Dlaczego Jezus wymienia wspaniałe manifestacje Bożego działania i przestrzega, by się Nim nie gorszyć? Albo inaczej, dlaczego ludzie, którzy widzą poruszenie Boże, są narażeni na zgorszenie? O co tutaj chodzi?
Jezus nie miał w sobie grama cielesności, a mimo to wielokrotnie ludzie, zwłaszcza urzędnicy religijni, gorszyli się Jezusem. Narzekali, że to twarda mowa, odrzucali styl służby, jego głoszenie, odrzucali nawet jego zachowanie poprzez określenie: „żarłok i pijak”.
Myślę, że ludzie, którzy gorszyli się Jezusem, mieli zasadniczy problem. Im było dobrze w tym, co znali. Oni nie chcieli zmian, dlatego Jezus, poprzez swoje głoszenie i działanie potrząsnął znanym im światem.

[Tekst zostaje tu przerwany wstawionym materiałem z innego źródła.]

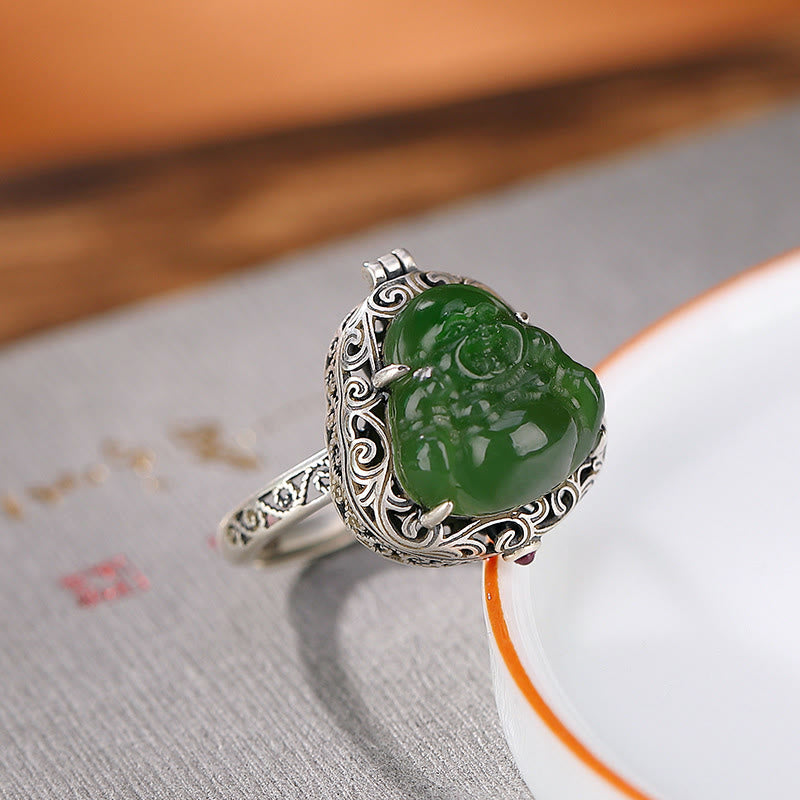 Mythstone 925 Sterling Silver Natural Hetian Cyan Jade Laughing Buddha Auspicious Clouds Success Necklace Pendant Ring Set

Podobnie jest dzisiaj. Religijni ludzie gorszą się czym tylko mogą, tylko po to, by nie otworzyć się na działanie Boże w ich życiu. Kiedy już są zmuszeni być w miejscu, gdzie Bóg działa, wszystko im nie pasuje. Zazwyczaj mają przy tym mądre miny, żeby wyjaśnić, dlaczego nic im się nie podoba. Przykładowo cała sala w uwielbieniu skanduje słowo: „Jezus”, a religijny człowiek pyta: „A gdzie to jest w Biblii”? Ludzie klęczą na kolanach i płaczą przed Bogiem, a ktoś mówi: „Emocjonalizm”. Ktoś jest uzdrawiany w czasie spotkania, a ktoś inny komentuje: „Socjotechniczne sztuczki”.

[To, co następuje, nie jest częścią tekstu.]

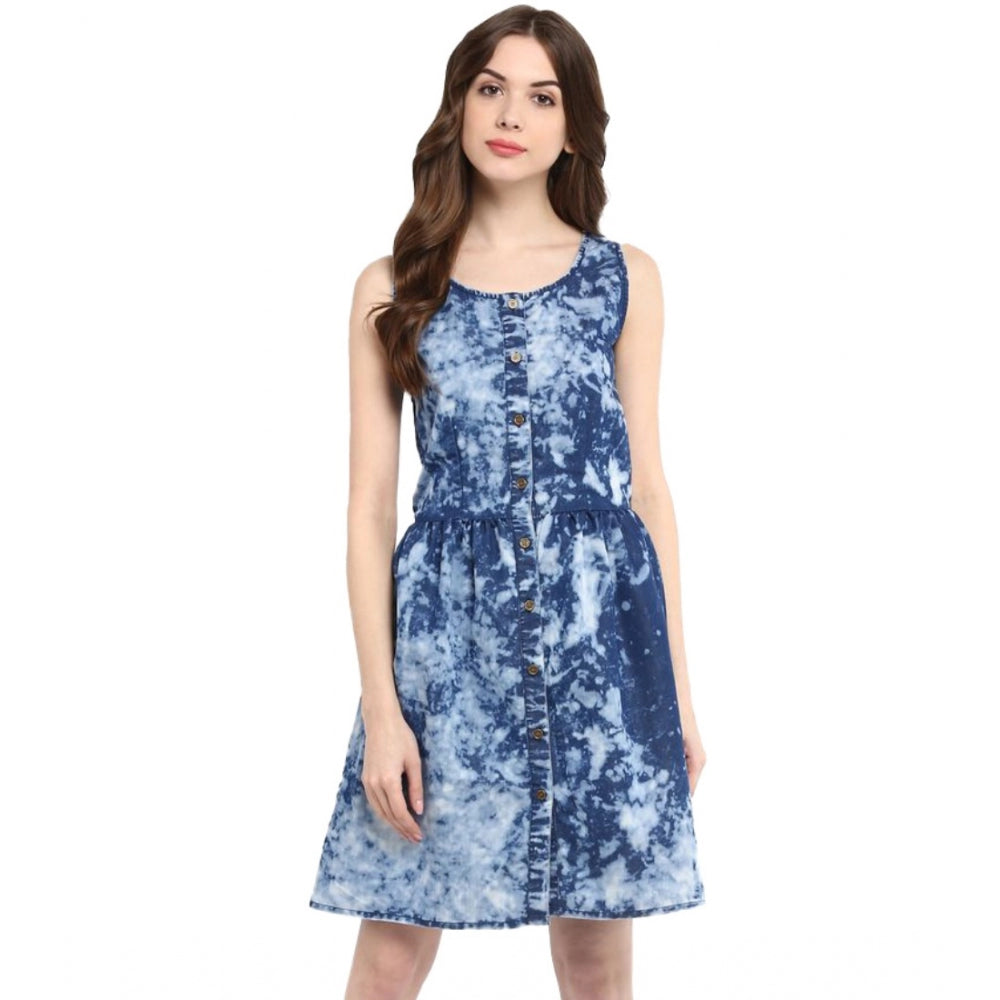 Ranili Denim Tie & Dye Sleeveless Above Knee Dress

Rozumiem, że dla nas standardem są młodzi ludzie siedzący w kościele jak mumie, którzy z nudów w czasie spotkania wysyłają smsy i grają na smartfonach. To nie rusza religijnych ludzi, jednak pokazywanie miłości do Jezusa religijnych ludzi rusza bardzo mocno.
Zauważcie, że apostołowie opisywali Jezusa jako kamień węgielny, wybrany, kosztowny (1P.2:6) ale również jako kamień obrazy i skałę zgorszenia (Rzm.9:33). Problem polega na tym, że kupujesz to w pakiecie, i nie da się tego rozdzielić. Ten sam Jezus jest kamieniem kosztownym, ale również skałą zgorszenia.
Moją modlitwą jest, abyś nigdy nie zgorszył się Jezusem. Żebyś zawsze chciał za nim podążać. Bez względu na cenę.